President of UPND
- In office December 1998 – 14 May 2006
- Preceded by: Party Created
- Succeeded by: Hakainde Hichilema

Personal details
- Born: Anderson Mazoka 22 March 1943 Monze, Northern Rhodesia
- Died: 24 May 2006 (aged 63) Johannesburg
- Party: UPND (1998–2006)
- Spouse: Mutinta Christine Mazoka (?-2006; his death)
- Children: 4 including Mutinta

= Anderson Mazoka =

Zambian politician

Anderson K. Mazoka (22 March 1943 - 24 May 2006) was a Zambian politician and President of the United Party for National Development (UPND), the current ruling party.

== Life ==
Mazoka was born in Monze. He attended Union College, where he graduated in 1969 with a degree in mechanical engineering. For his senior thesis, Mazoka designed and built a wind tunnel in 10 weeks. The tunnel, whose construction attracted attention from the media, filled the basement of the college's Science and Engineering department and would be used for three decades.

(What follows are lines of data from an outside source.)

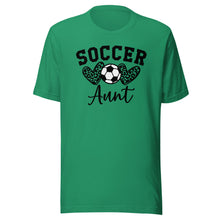 Load image into Gallery viewer, Soccer Aunt Heart T-shirt
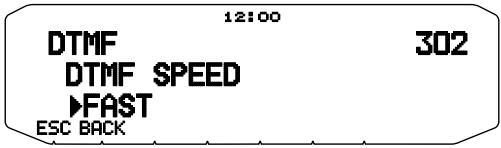 KENWOOD TM-D710GE - Selecting a Transmit Speed - 1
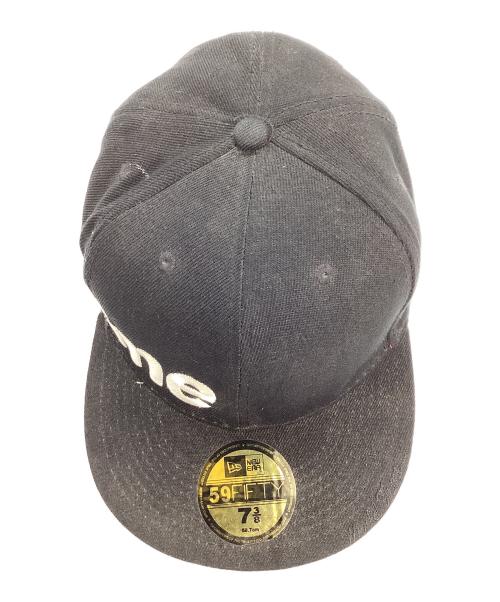 New Era（ニューエラ）New Era (ニューエラ) SUPREME (シュプリーム) Side Logo Cap ブラックの古着・服飾アイテム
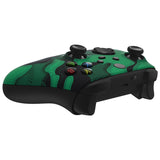 eXtremeRate Green Black Camouflage Replacement Part Faceplate, Soft Touch Grip Housing Shell Case for Xbox Series S & Xbox Series X Controller Accessories - Controller NOT Included - FX3T138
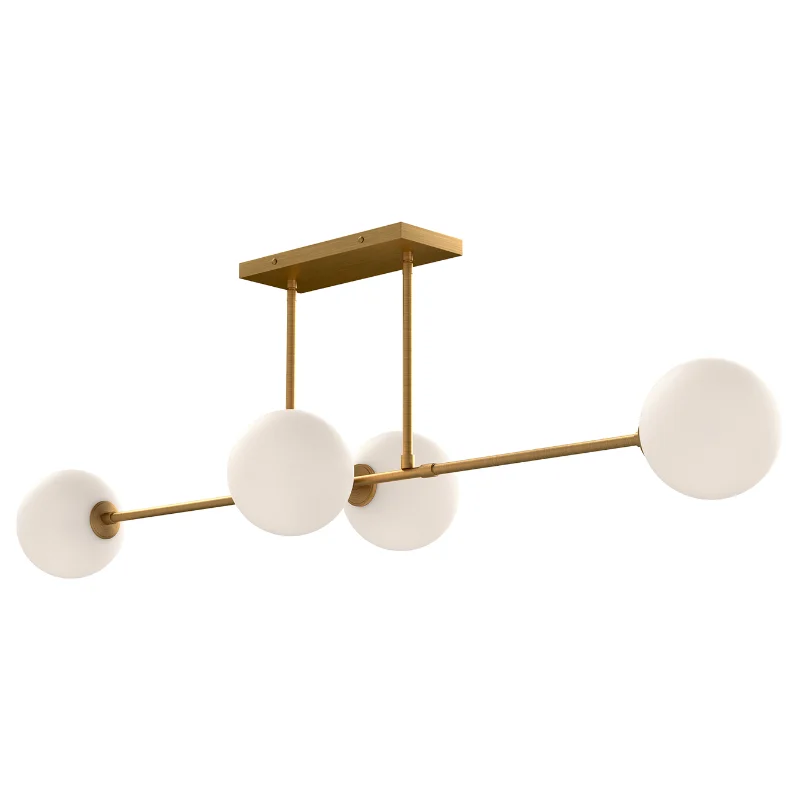 Retro Ceiling Lights Inspired by the 1950s and 1960s DesignRetro Ceiling Lights Inspired by the 1950s and 1960s DesignAlora Mood LP549448 Cassia 4-lt 48" Linear Pendant Retro Ceiling Lights Inspired by the 1950s and 1960s DesignRetro Ceiling Lights Inspired by the 1950s and 1960s DesignAlora Mood LP549448 Cassia 4-lt 48" Linear Pendant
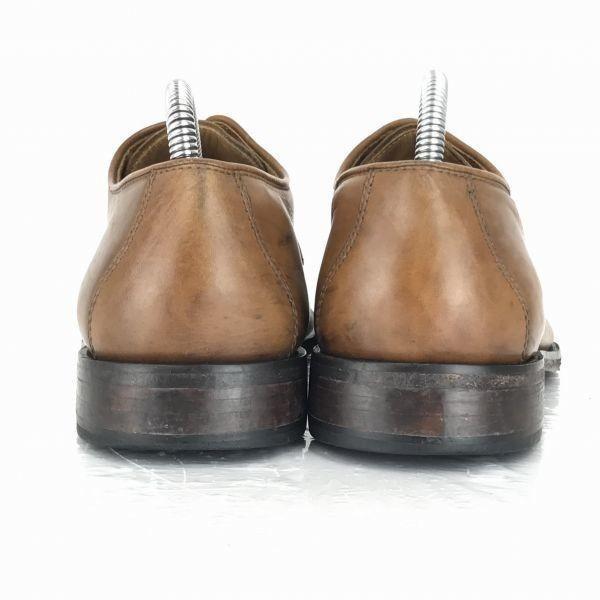 Gallus Germany Leather U-Tip 26.0 Brown Dress Shoes Business(USED)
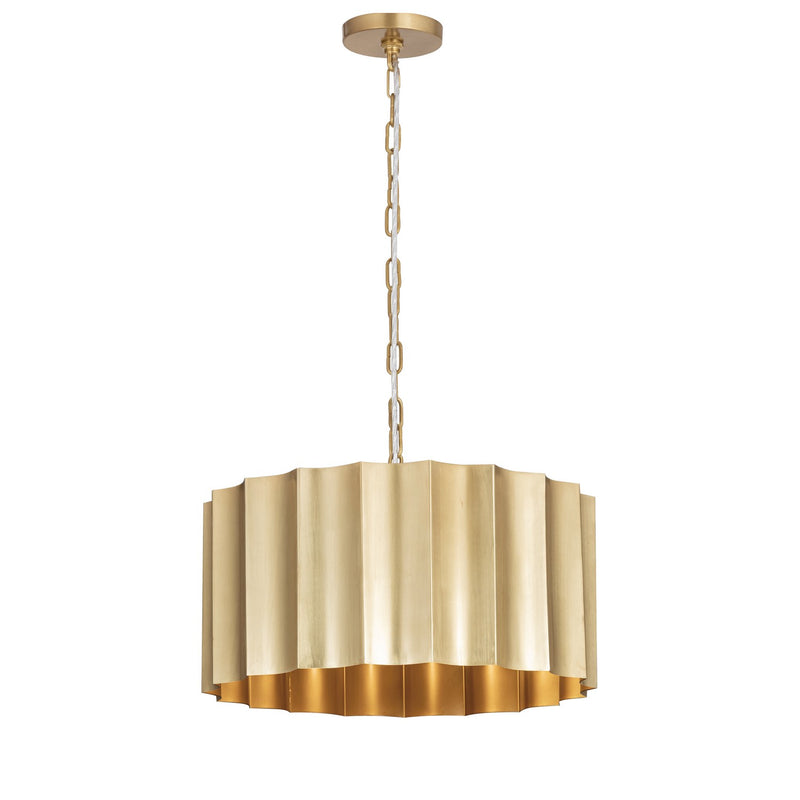 Maxim 39133WBR One Light Pendant, Weathered Brass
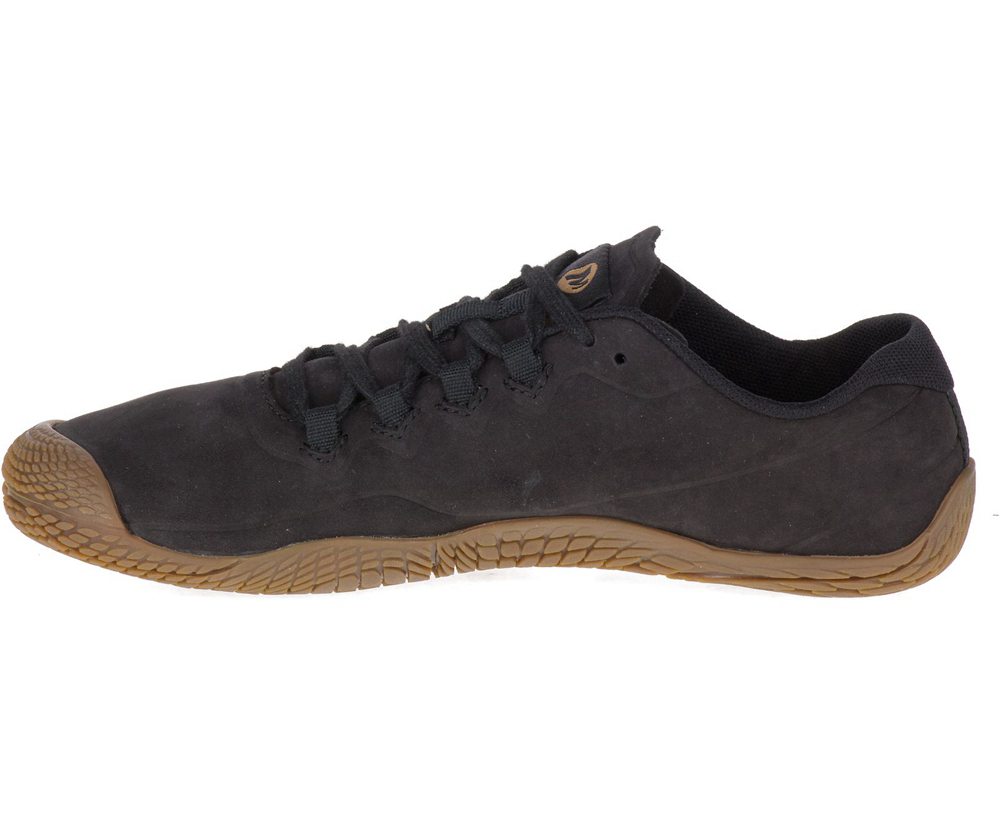 Buty Sportowe Merrell Damskie Czarne - Vapor Glove 3 Luna Skórzane - 370652-DVP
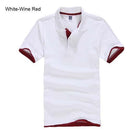Men's Polo Shirt For Men Desiger Polos Men Cotton Short Sleeve shirt Clothes jerseys golftennis Plus Size XS- XXXL-white wine red-L-JadeMoghul Inc.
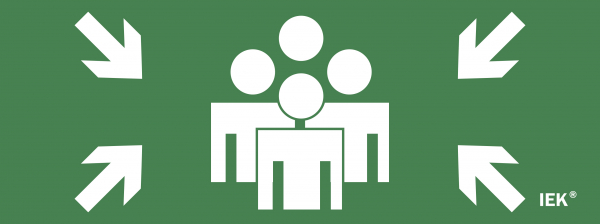 IEK Этикетка самокл. 240х90мм "Место сбора"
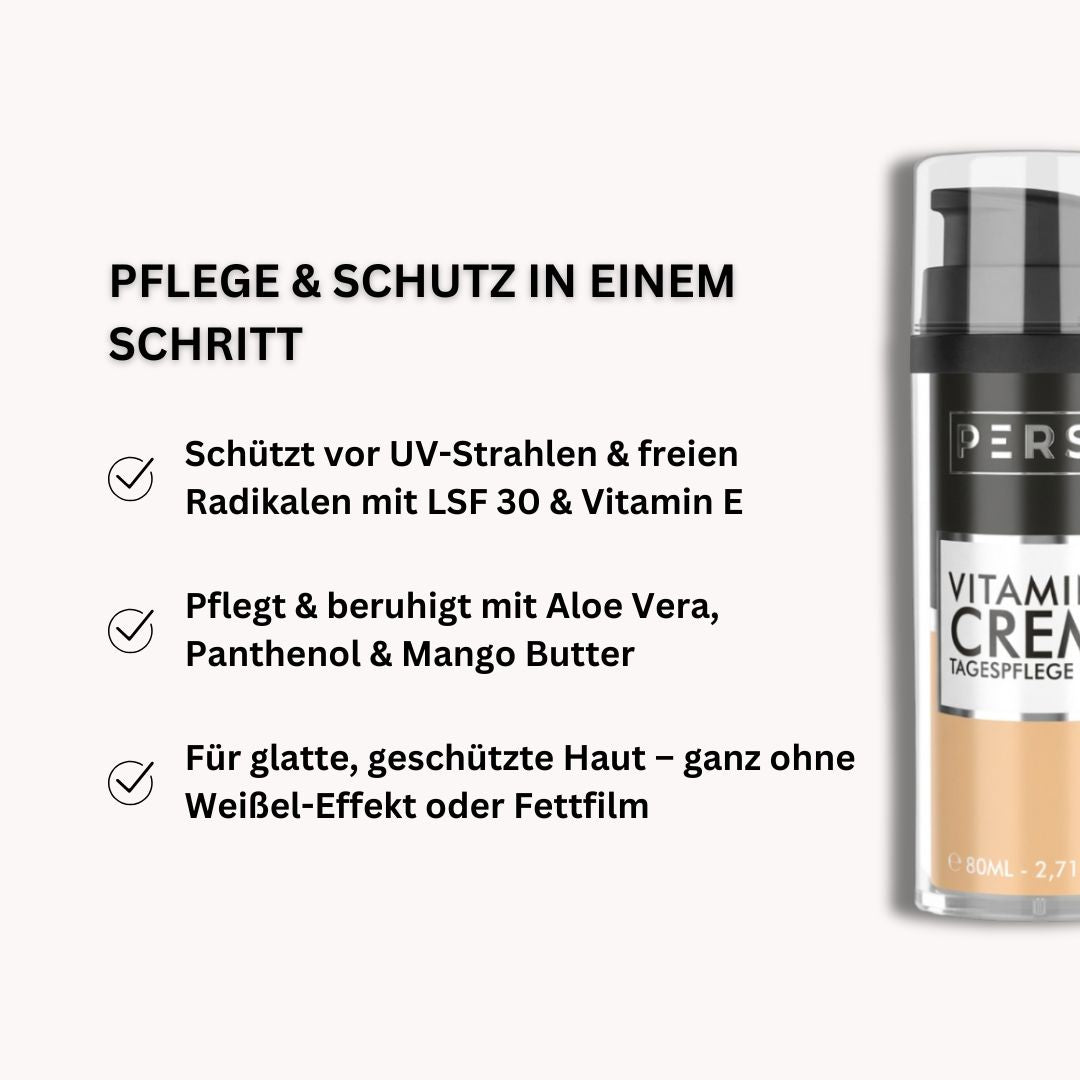 PERSH Vitamin E Tagescreme LSF 30
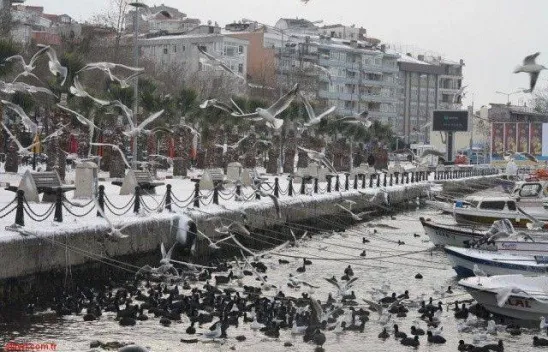 Kış mevsiminde Silivri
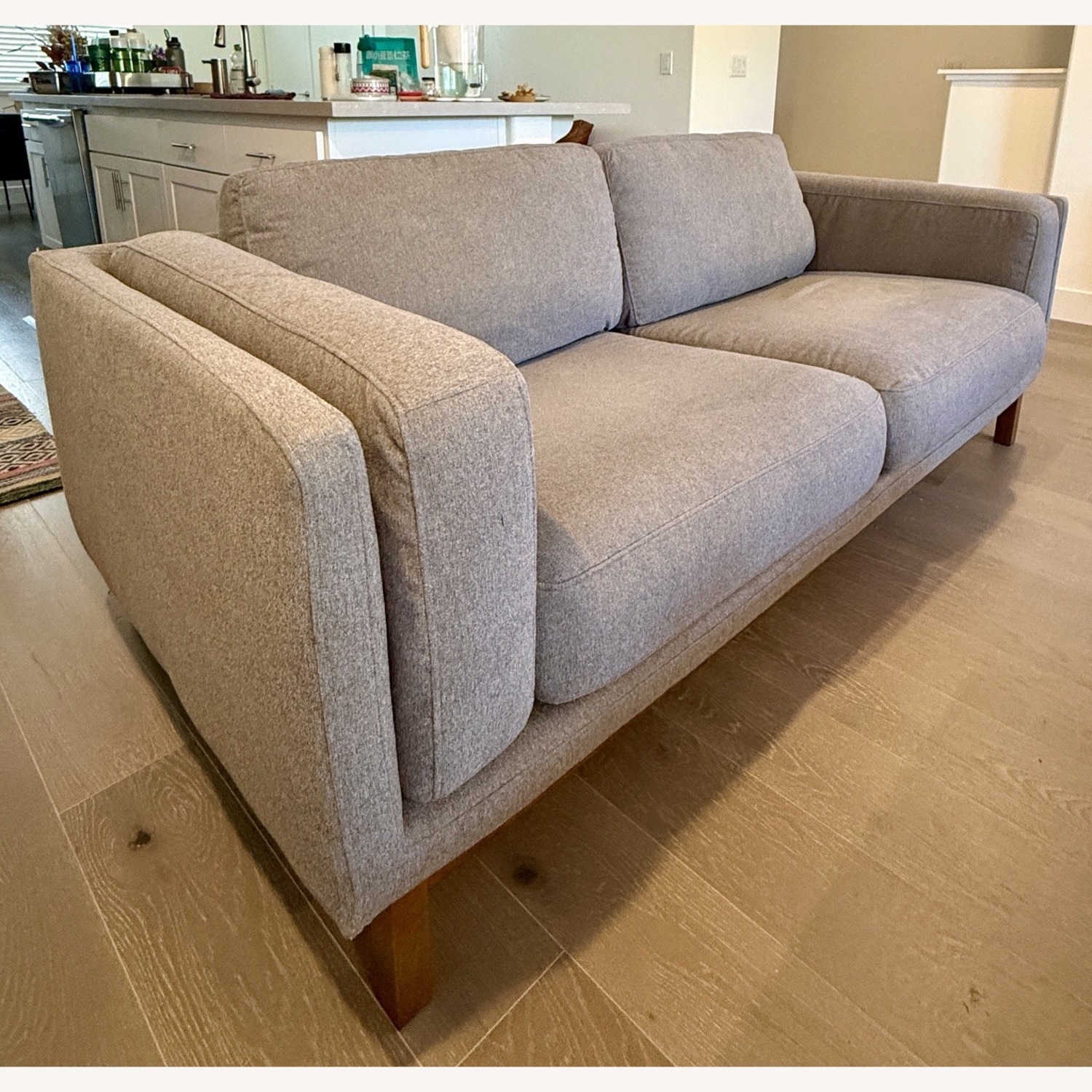 West Elm Dekalb 85" Sofa Microfiber Heather Gray - image-2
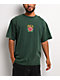 DGK Guadalupe Dark Green Wash Boxy T-Shirt - Thumbnail image 2 of 7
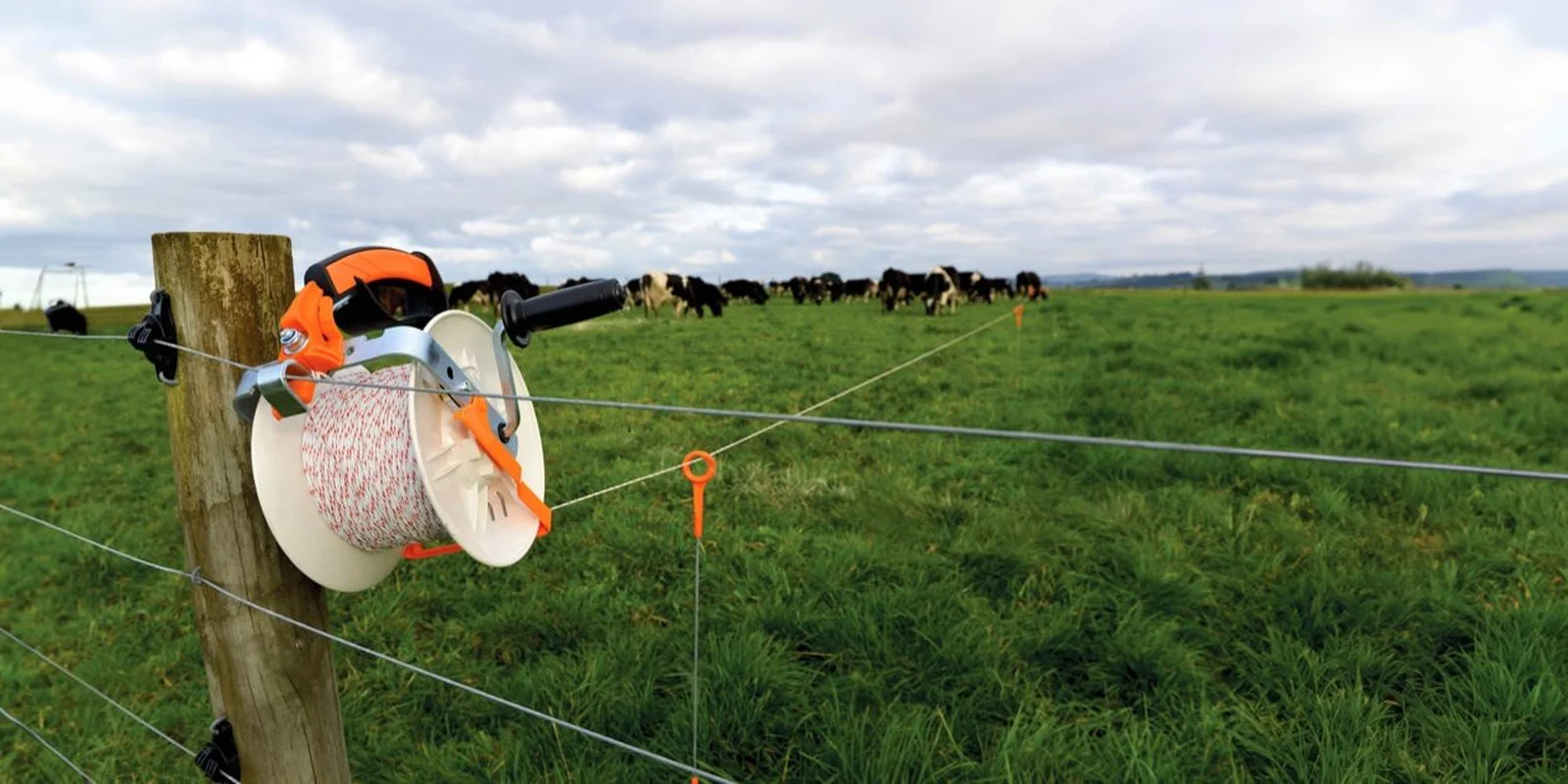 Electric fencing safety setup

In the presidential election held on 27 December 2001, he finished second behind Levy Mwanawasa of the ruling Movement for Multiparty Democracy (MMD) party, winning 27.2% of the vote.

On 24 May 2006, Mazoka died from kidney complications in Johannesburg, South Africa. He was 63 years old. He was succeeded as leader of the UPND by Hakainde Hichilema.

Mazoka had held a senior position within the British mining company Anglo American plc.

He was married to Mutinta and had three children with her: Mutinta, Pasina and Anderson Jr. His eldest daughter Macenje was from his first marriage to Zenobia Lewis. Macente Mazoba became Zambia's High Commission to the UK.